--- SOURCE MATERIAL ---

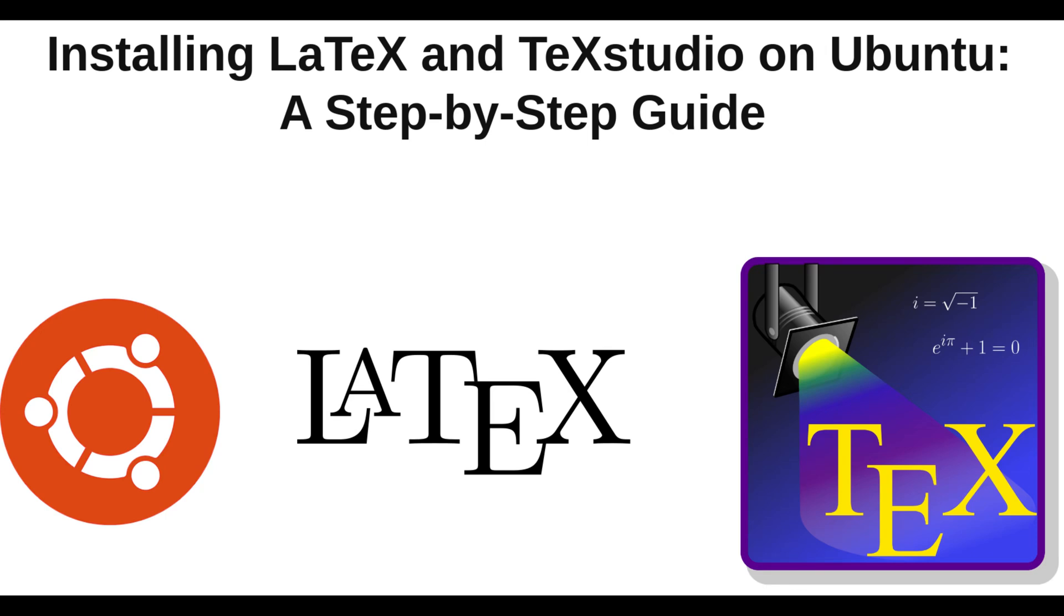Welcome to this tutorial on how to install LaTeX and TeXstudio on Ubuntu 22. In this tutorial, we will guide you through the process of installing these two powerful tools on your Ubuntu system.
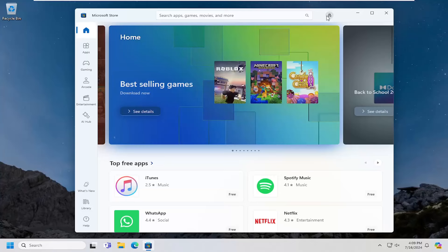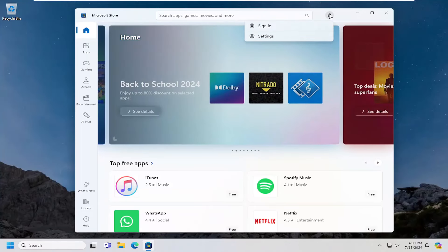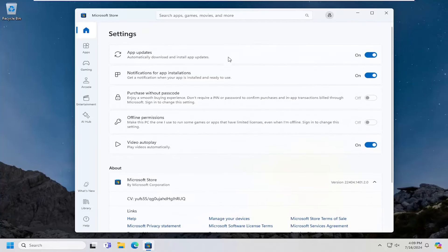You want to select the little profile icon at the top. This is sign in or you might already be signed in, but just go ahead and left click on that and select the settings button.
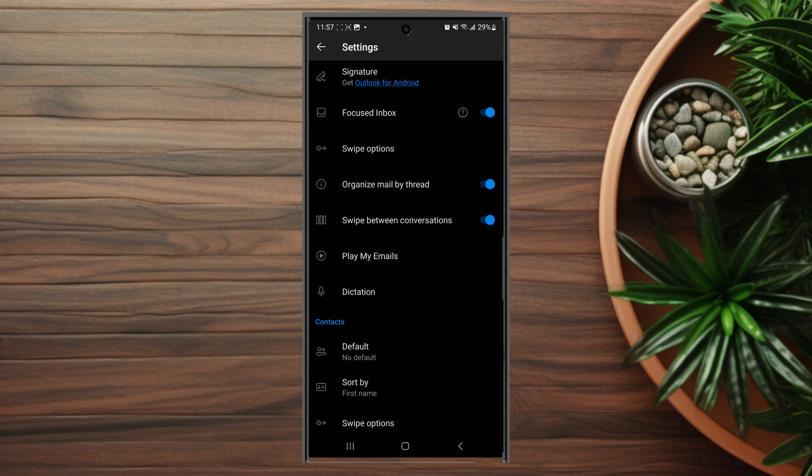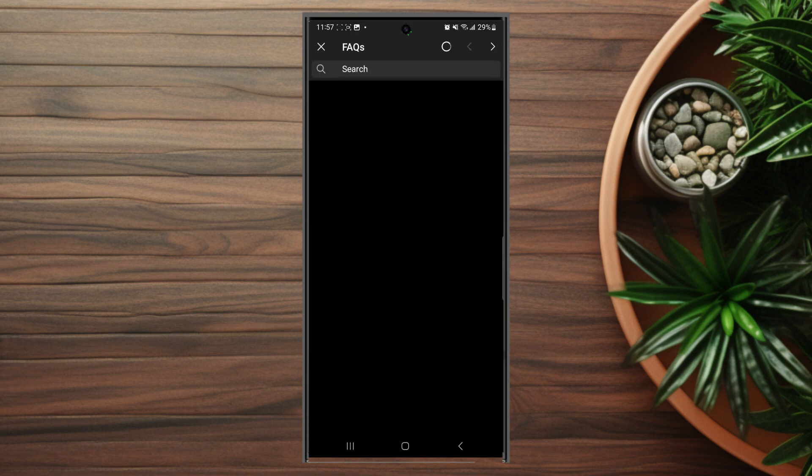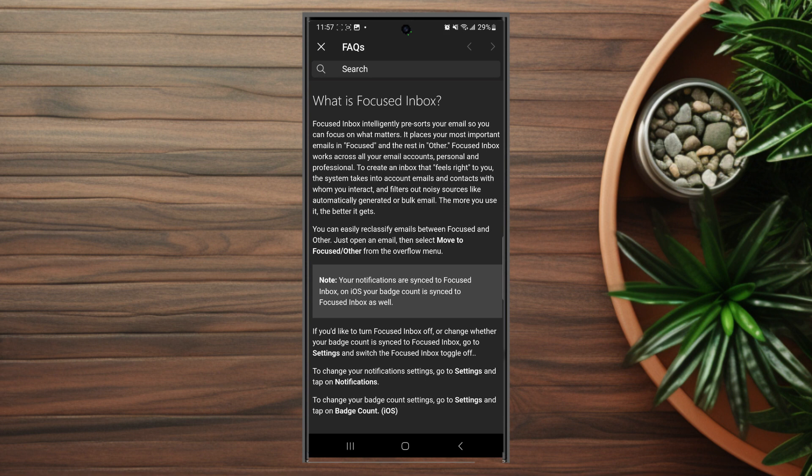This is usually below Signature and above Swipe Options. As you can see, Focused Inbox intelligently pre-sorts your email so you can focus on what matters, but sometimes this can lead to missed emails or things where you don't think they'll be.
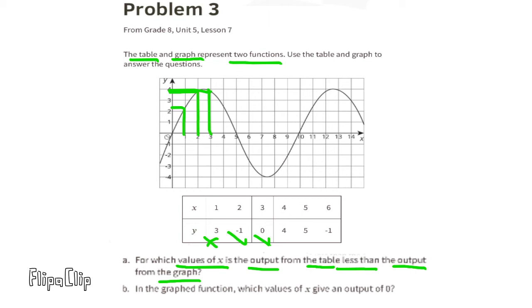So the table output is less than the graph output only when X equals 2 and X equals 3.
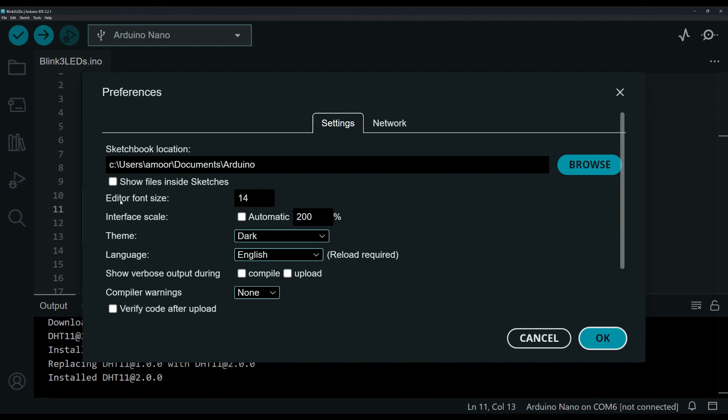you can see here you can change the editor font size and the interface scale. I have it set up to 200 percent right now because I usually film and it's easier for my viewers to see.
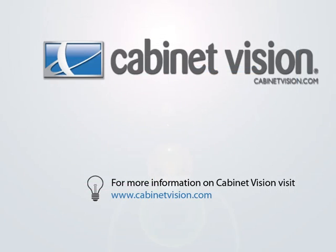Thank you for taking the time to view this demonstration. If you would like more information on Cabinet Vision Solid, please feel free to visit the Cabinet Vision website at www.CabinetVision.com. For those of you viewing this video from eSupport, you can click on the hyperlink in this video to go there now.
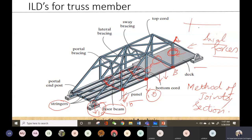Since a truss is a combination of different members, you have to continue this procedure for all members to get the ILD for the whole truss. In practice for assessments, usually only one member is specified, but in real life you would do it for all members.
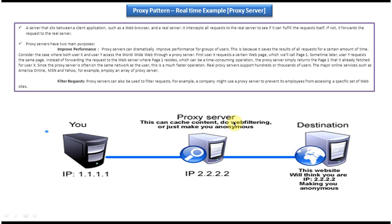This proxy server can do some additional functionality. It can cache the content so that it can improve the performance. It can do filtering and it will make us anonymous user.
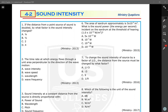Now let's answer the questions about section two. The first title is sound intensity and audibility. Question number one: if the distance from a point sound source is doubled, by what factor does the sound intensity change?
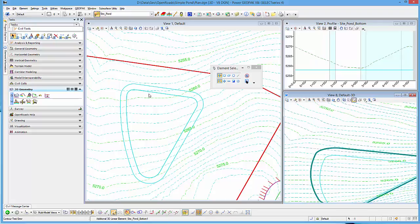Now that I have the three-dimensional element, I can throw that into a terrain model and continue to work from there.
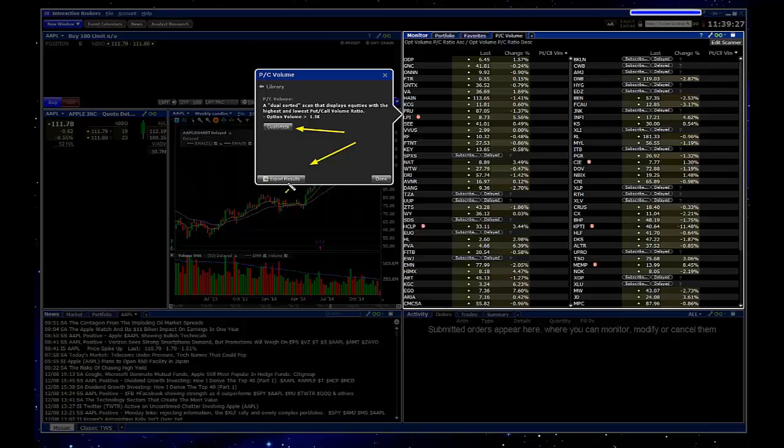So if you wanted to export this, you could, and that would actually go to Excel. But once you're ready, you can just click on done here.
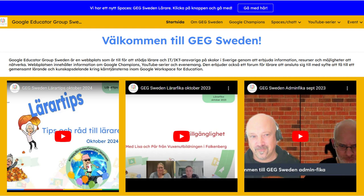They're not literally having virtual Fika sessions, but by naming their videos that way, they're trying to create that same kind of relaxed, informal learning environment. It's like they're saying, 'Let's take a break, learn some stuff about Google tools, but keep it chill.' They're really leaning into that cultural element.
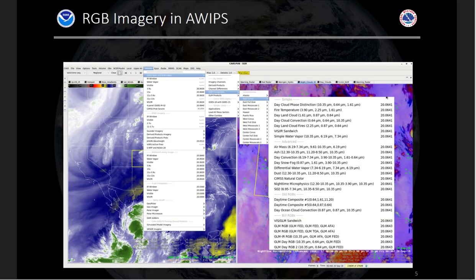We're all familiar with the RGBs in AWIPS. You can see all of them listed on this slide. There are several categories. The simple RGBs utilize single-band imagery for each of the three red, green, and blue components. One of my favorite RGBs is the day cloud phase distinction RGB, which I'll discuss several times. There are also the advanced RGBs, which utilize a channel difference for at least one component. One of my other favorites is the nighttime microphysics RGB for analyzing clouds at night.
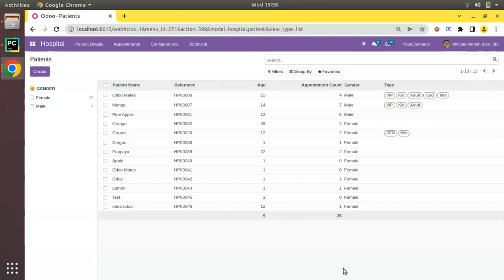Currently on screen you are seeing Odoo version 15 Community Edition, where we are continuing our Odoo 15 development tutorial. The point we will be discussing in this video is about stat buttons or smart buttons in Odoo.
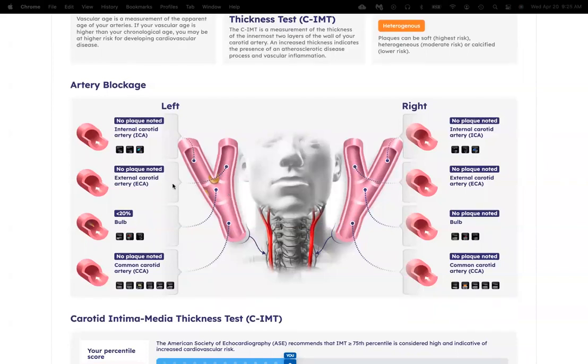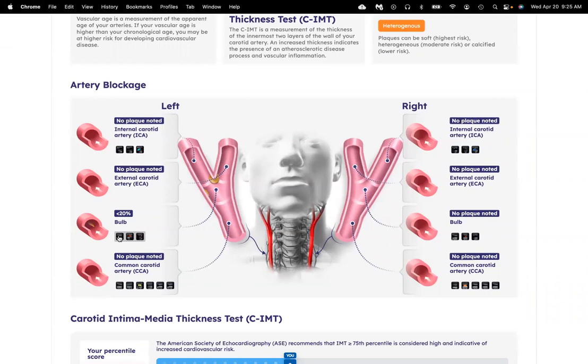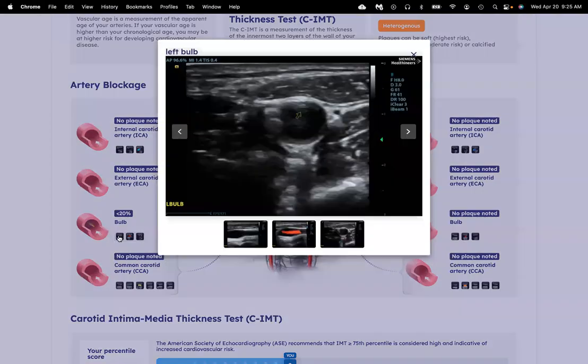The really great thing about the report is that you can click on these boxes and pull up your actual ultrasound images.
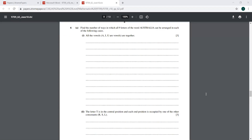Question 6: Find the number of ways in which all nine letters of the word AUSTRALIA can be arranged. First, I need to list down how many of each letter I have. The A's — there are one, two, three — three A's. Then there is one U, one S, one T, one R, one L. The others appear once. So we have all nine letters, with A appearing three times.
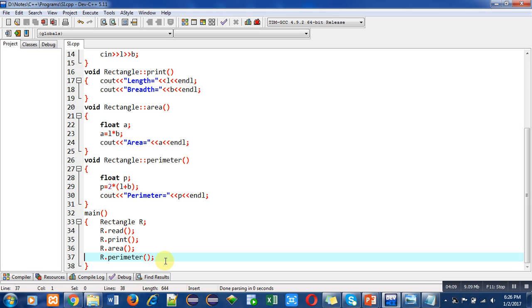Friends, you can implement the program with the help of defining member functions outside the class as well as you can implement this program by defining member functions inside the class, which is the inline member function method.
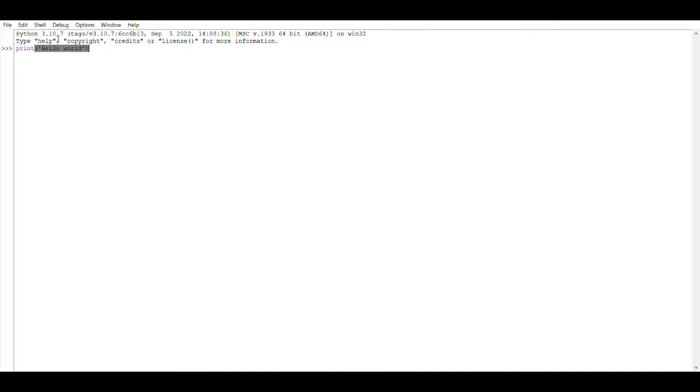Then enter it. You will get an output like this: Hello world. This is how you can install the Python language.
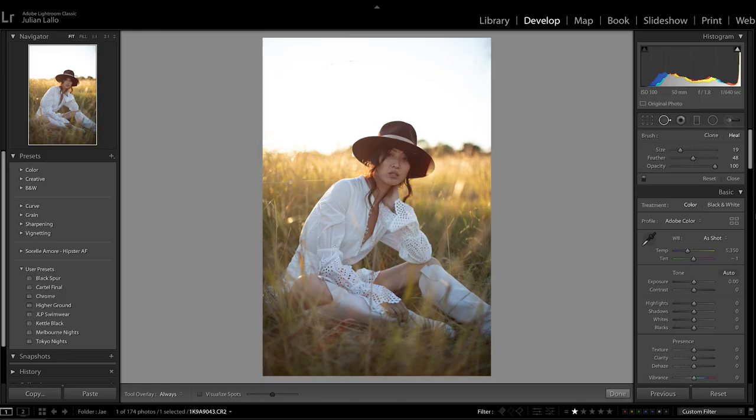Hey guys, Julian Lalo here and today I'm going to be taking you through a little Lightroom tutorial on how I edit backlit portraits.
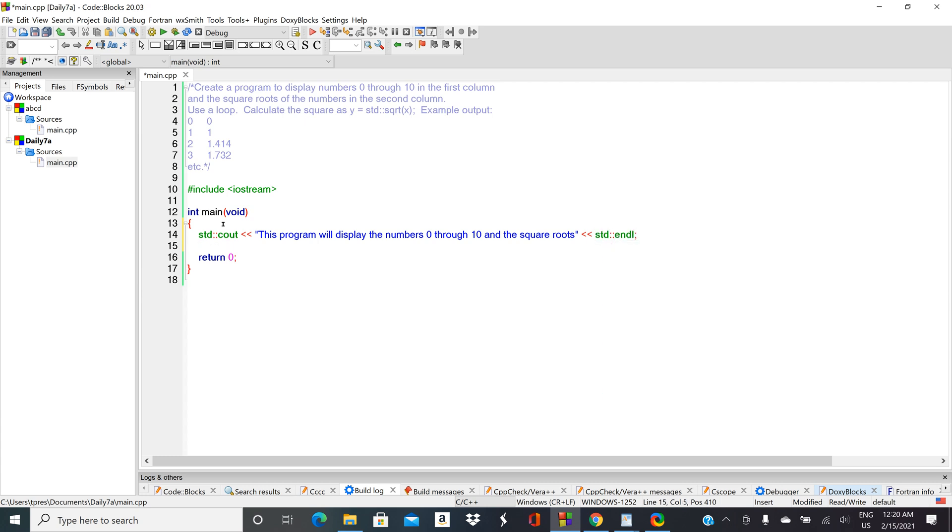Now our next step would be to create a data table. Let's start off and say here's our 'Number,' let's give it some spaces, and then here is our 'Square Root.'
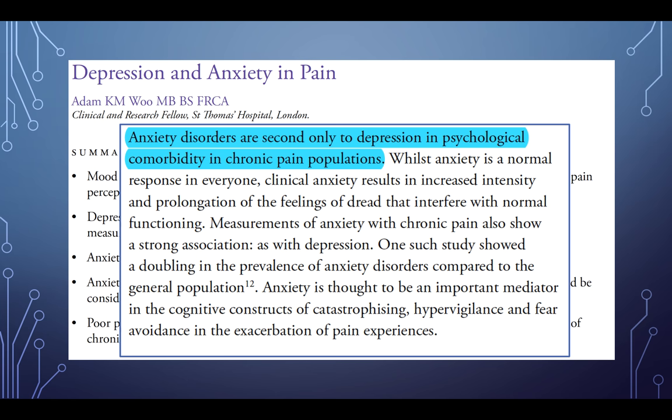Anxiety disorders are second only to depression in psychological comorbidity in chronic pain populations. Clinical anxiety results in increased intensity and prolongation of feelings of dread that interfere with normal functioning. Studies show a doubling in the prevalence of anxiety disorders compared to the general population. Anxiety is an important mediator in the cognitive constructs of catastrophizing, hypervigilance, fear avoidance, and exacerbation of pain experience.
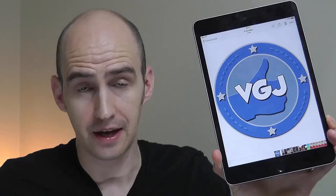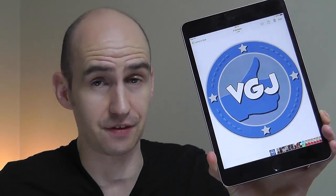Hi, my name is Rob and you're watching the Video Gadgets Journal, and this is the complete beginner's guide to the Apple iPad Mini.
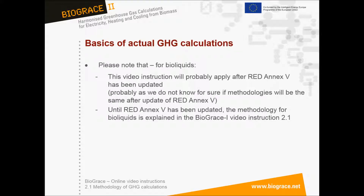Please note that for bioliquids this video instruction does not apply until Annex 5 of the RED has been updated. After the updated RED Annex 5, this instruction will apply if the update causes the methodology for bioliquids to be the same as the methodology for solid and gaseous biomass. Until then, the methodology for bioliquids is explained in the Biograze 1 video instruction 2.1, as bioliquid pathways currently follow the same methodology as biofuel pathways.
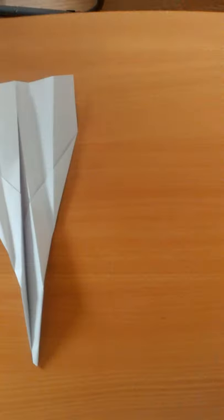There you are. There's your paper airplane. See you guys in the next video. Bye!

---

*PROBLEM DESCRIPTION:* The entries above must be output exactly, with every image left out.

*RESPONSE:*
Welcome to this tutorial on how to install LaTeX and TeXstudio on Ubuntu 22. In this tutorial, we will guide you through the process of installing these two powerful tools on your Ubuntu system.
You want to select the little profile icon at the top. This is sign in or you might already be signed in, but just go ahead and left click on that and select the settings button.
This is usually below Signature and above Swipe Options. As you can see, Focused Inbox intelligently pre-sorts your email so you can focus on what matters, but sometimes this can lead to missed emails or things where you don't think they'll be.
So the table output is less than the graph output only when X equals 2 and X equals 3.
you can see here you can change the editor font size and the interface scale. I have it set up to 200 percent right now because I usually film and it's easier for my viewers to see.
Thank you for taking the time to view this demonstration. If you would like more information on Cabinet Vision Solid, please feel free to visit the Cabinet Vision website at www.CabinetVision.com. For those of you viewing this video from eSupport, you can click on the hyperlink in this video to go there now.
Since a truss is a combination of different members, you have to continue this procedure for all members to get the ILD for the whole truss. In practice for assessments, usually only one member is specified, but in real life you would do it for all members.
This proxy server can do some additional functionality. It can cache the content so that it can improve the performance. It can do filtering and it will make us anonymous user.
Now let's answer the questions about section two. The first title is sound intensity and audibility. Question number one: if the distance from a point sound source is doubled, by what factor does the sound intensity change?
Now that I have the three-dimensional element, I can throw that into a terrain model and continue to work from there.
So if you wanted to export this, you could, and that would actually go to Excel. But once you're ready, you can just click on done here.
They're not literally having virtual Fika sessions, but by naming their videos that way, they're trying to create that same kind of relaxed, informal learning environment. It's like they're saying, 'Let's take a break, learn some stuff about Google tools, but keep it chill.' They're really leaning into that cultural element.
We're all familiar with the RGBs in AWIPS. You can see all of them listed on this slide. There are several categories. The simple RGBs utilize single-band imagery for each of the three red, green, and blue components. One of my favorite RGBs is the day cloud phase distinction RGB, which I'll discuss several times. There are also the advanced RGBs, which utilize a channel difference for at least one component. One of my other favorites is the nighttime microphysics RGB for analyzing clouds at night.
Currently on screen you are seeing Odoo version 15 Community Edition, where we are continuing our Odoo 15 development tutorial. The point we will be discussing in this video is about stat buttons or smart buttons in Odoo.
The really great thing about the report is that you can click on these boxes and pull up your actual ultrasound images.
Question 6: Find the number of ways in which all nine letters of the word AUSTRALIA can be arranged. First, I need to list down how many of each letter I have. The A's — there are one, two, three — three A's. Then there is one U, one S, one T, one R, one L. The others appear once. So we have all nine letters, with A appearing three times.
Friends, you can implement the program with the help of defining member functions outside the class as well as you can implement this program by defining member functions inside the class, which is the inline member function method.
Then enter it. You will get an output like this: Hello world. This is how you can install the Python language.
Hey guys, Julian Lalo here and today I'm going to be taking you through a little Lightroom tutorial on how I edit backlit portraits.
Now our next step would be to create a data table. Let's start off and say here's our 'Number,' let's give it some spaces, and then here is our 'Square Root.'
Anxiety disorders are second only to depression in psychological comorbidity in chronic pain populations. Clinical anxiety results in increased intensity and prolongation of feelings of dread that interfere with normal functioning. Studies show a doubling in the prevalence of anxiety disorders compared to the general population. Anxiety is an important mediator in the cognitive constructs of catastrophizing, hypervigilance, fear avoidance, and exacerbation of pain experience.
Hi, my name is Rob and you're watching the Video Gadgets Journal, and this is the complete beginner's guide to the Apple iPad Mini.
Please note that for bioliquids this video instruction does not apply until Annex 5 of the RED has been updated. After the updated RED Annex 5, this instruction will apply if the update causes the methodology for bioliquids to be the same as the methodology for solid and gaseous biomass. Until then, the methodology for bioliquids is explained in the Biograze 1 video instruction 2.1, as bioliquid pathways currently follow the same methodology as biofuel pathways.
There you are. There's your paper airplane. See you guys in the next video. Bye!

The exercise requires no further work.